WHAT IS REQUIRED.
For the material below, output exactly the span from the line with "Medium Duty Box" to the line with "Beaune dénonce une", including both, and nothing besides.

EXTRACTED ENTRIES below:

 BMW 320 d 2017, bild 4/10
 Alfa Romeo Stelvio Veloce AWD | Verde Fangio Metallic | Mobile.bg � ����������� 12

End of EXTRACTED ENTRIES.
EXTRACTED ENTRIES below:

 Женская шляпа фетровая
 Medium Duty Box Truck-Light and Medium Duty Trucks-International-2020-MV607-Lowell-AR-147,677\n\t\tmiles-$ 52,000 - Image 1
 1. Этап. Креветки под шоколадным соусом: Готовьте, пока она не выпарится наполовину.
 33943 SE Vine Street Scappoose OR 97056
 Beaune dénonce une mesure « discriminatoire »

End of EXTRACTED ENTRIES.

RESULT.
 Medium Duty Box Truck-Light and Medium Duty Trucks-International-2020-MV607-Lowell-AR-147,677\n\t\tmiles-$ 52,000 - Image 1
 1. Этап. Креветки под шоколадным соусом: Готовьте, пока она не выпарится наполовину.
 33943 SE Vine Street Scappoose OR 97056
 Beaune dénonce une mesure « discriminatoire »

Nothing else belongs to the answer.